Discovery of ω-free high-temperature Ti-Ta-X shape memory alloys from first principles calculations

Abstract

The rapid degradation of the functional properties of many Ti-based alloys is due to the precipitation of the ω phase. In the conventional high-temperature shape memory alloy Ti-Ta the formation of this phase compromises completely the shape memory effect and high (>100C) transformation temperatures cannot be mantained during cycling. A solution to this problem is the addition of other elements to form Ti-Ta-X alloys, which often modifies the transformation temperatures; due to the largely unexplored space of possible compositions, very few elements are known to stabilize the shape memory effect without decreasing the transformation temperatures below 100C. In this study we use transparent descriptors derived from first principles calculations to search for new ternary Ti-Ta-X alloys that combine stability and high temperatures.

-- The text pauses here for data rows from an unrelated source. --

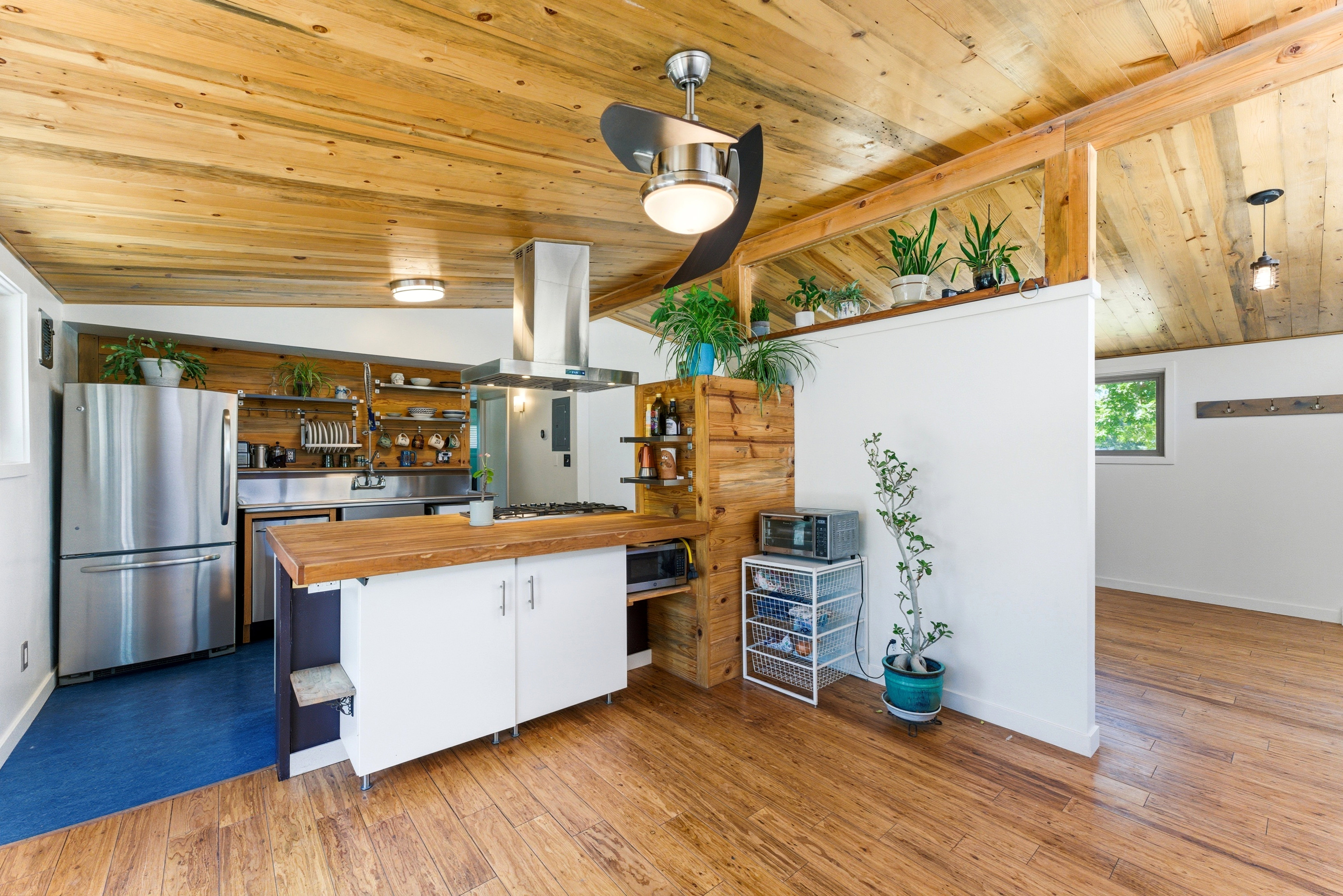 Kitchen featuring wood-finish flooring, stainless steel appliances, and a wood plank ceiling
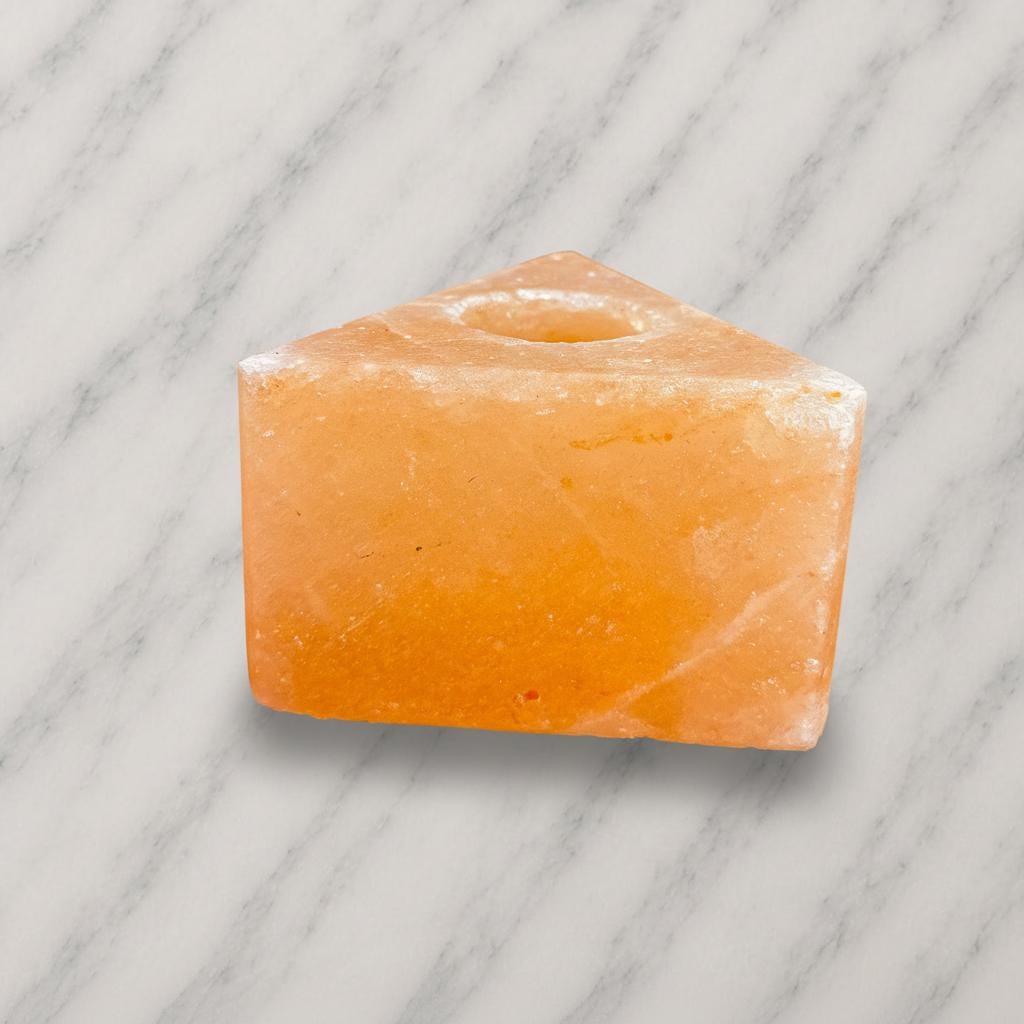 Himalayan Salt Candle Holder Triangle shape glowing with warm candlelight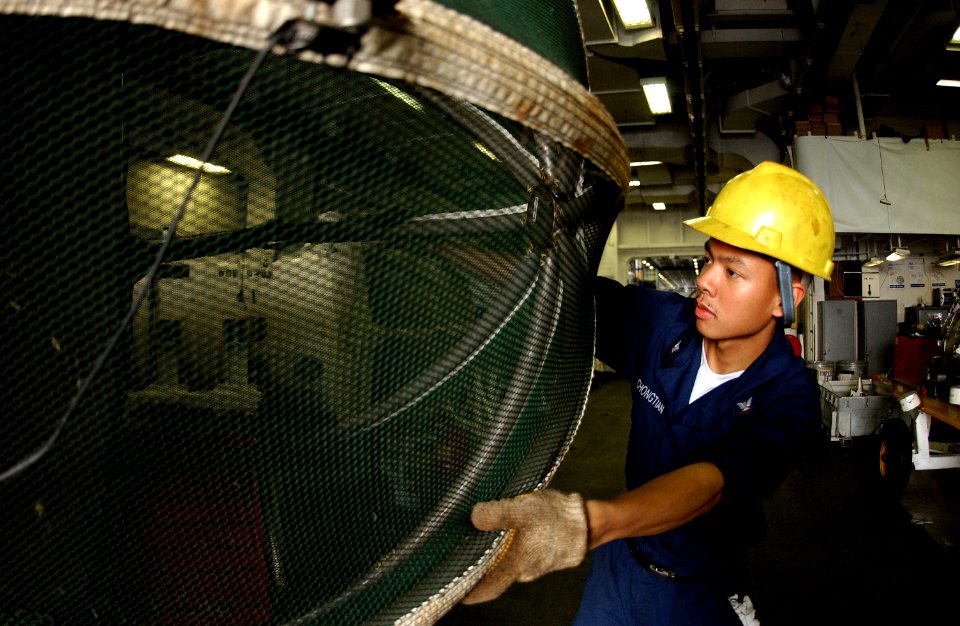 US Navy 050714-N-0413R-021 Aviation Machinist's Mate 3rd Class Jalvin Yuchongtian inspects the cover for an J-52 jet engine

We suggest four new alloys with these properties, namely Ti-Ta-Sb, Ti-Ta-Bi, Ti-Ta-In, and Ti-Ta-Sc. Our predictions for the most promising of these alloys, Ti-Ta-Sc, are subsequently fully validated by experimental investigations, the new alloy Ti-Ta-Sc showing no traces of ω phase after cycling. Our computational strategy is immediately transferable to other materials and may contribute to suppress ω phase formation in a large class of alloys.